Aufgrund der manifesten Angststörung und des Therapieumfangs wurde die initiale chirurgische Sanierung unter Endokarditisprophylaxe in Intubationsnarkose geplant. Nach Vorstellung bei einem Facharzt für Anästhesiologie und Aufklärung über ein bestehendes erhöhtes Narkoserisiko bat die Patientin um Behandlung in lokaler Betäubung. Der Versuch derselben erfolgte kurze Zeit später. Nach Wirkungseintritt einer
Oberflächenanästhesie (Lidocain-Spray) und einer Infiltrationsanästhesie (2 ml vierprozentige Articain-Lösung mit 1:200.000 Adrenalin) im Oberkiefer links verspürte die Patientin ein ausgeprägtes Taubheitsgefühl im Bereich des Gaumens sowie der Wange linksseitig und erlitt eine Panikattacke. Nach der erschwerten Entfernung der zwei Wurzelreste 27 und 28 wurde die weitere Behandlung daher frühzeitig abgebrochen. Bei der im Nachgang erfolgten Befragung gab die Patientin an, vor allem Angst vor der Taubheit der intraoralen Weichgewebe und dem daraus resultierenden erstickungsähnlichen Gefühl zu haben. Infolgedessen lehnte sie alle weiteren Versuche der Extraktion unter lokaler Anästhesie ab.

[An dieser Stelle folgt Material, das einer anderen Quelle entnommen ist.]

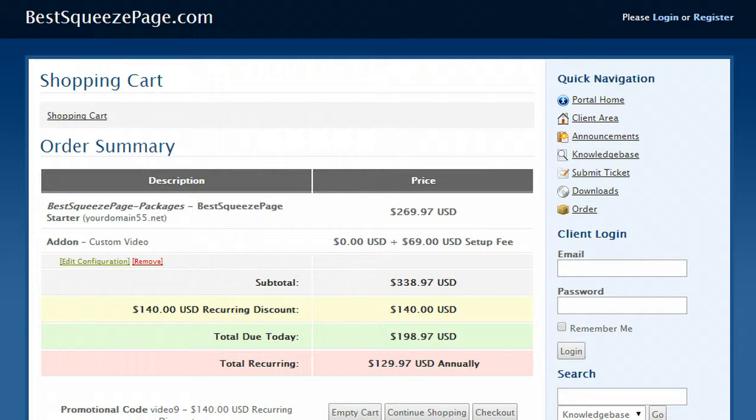And what it will do for you is I guarantee it will give you an excellent return on investment. Think about it, you're spending about 50 cents a day, you're getting everything that we have for you on this page including a custom squeeze page video and the unlimited squeeze page package for 50 cents a day.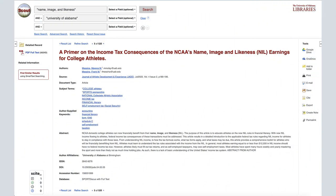Hi, I'm Melissa, a librarian at the University of Alabama. This video will show you how to read and understand the bibliographic record of an item in Scout.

Drei Monate später stellte sich die Patientin mit akuten Schmerzen und multiplen submukösen Abszessen im Ober- und im Unterkiefer erneut vor. Nach weiteren intensiven Gesprächen mit der Patientin wurde ein erneuter Versuch der Sanierung in Intubationsnarkose unternommen. Dieser fand jedoch mit der Flucht der Patientin vom OP-Tisch kurz vor der Narkoseeinleitung ein jähes Ende. Die Mundhygiene verschlechterte sich in der Folgezeit zusehends und die ohnehin leichtgewichtige Patientin verlor weiter an Körpermasse.

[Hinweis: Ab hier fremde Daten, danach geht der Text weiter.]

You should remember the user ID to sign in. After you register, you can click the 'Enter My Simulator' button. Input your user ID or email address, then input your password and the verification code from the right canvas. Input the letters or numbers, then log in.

Mitte 2015 wurde die Patientin erneut mit akuten Schmerzen vorstellig (Abbildung 2). Nach mehreren psychologisch betreuten Beratungsgesprächen wurde ein finaler Behandlungsversuch unternommen.
Als Anästhesieform wurde die intraligamentäre Anästhesie gewählt, die sich im Rahmen einer in unserer Abteilung zurzeit stattfindenden klinisch-prospektiven Studie als eine gute und verlässliche Alternative zur Leitungs- und Infiltrationsanästhesie bei der Zahnextraktion bewährt hat. Hierzu wurde ein Spritzensystem vom Pistolentyp mit Druckbegrenzung (Ultraject®, Sanofi-Aventis) mit systemadaptierten Kanülen (0,3 mm / 16 mm mit extra kurzem Anschliff; Heraeus Kulzer) angewandt. Als Lokalanästhetikum wurde eine vierprozentige Articain-Lösung mit Adrenalinzusatz 1:200.000 benutzt. Zehn Sekunden vor jeder Injektion wurde ein Tropfen des Anästhetikums im Bereich des Gingivalsaums appliziert, um den Injektionsschmerz zu reduzieren. Hiernach wurden pro Zahnwurzel etwa 0,2 ml Anästhetikum langsam injiziert (Abbildung 3).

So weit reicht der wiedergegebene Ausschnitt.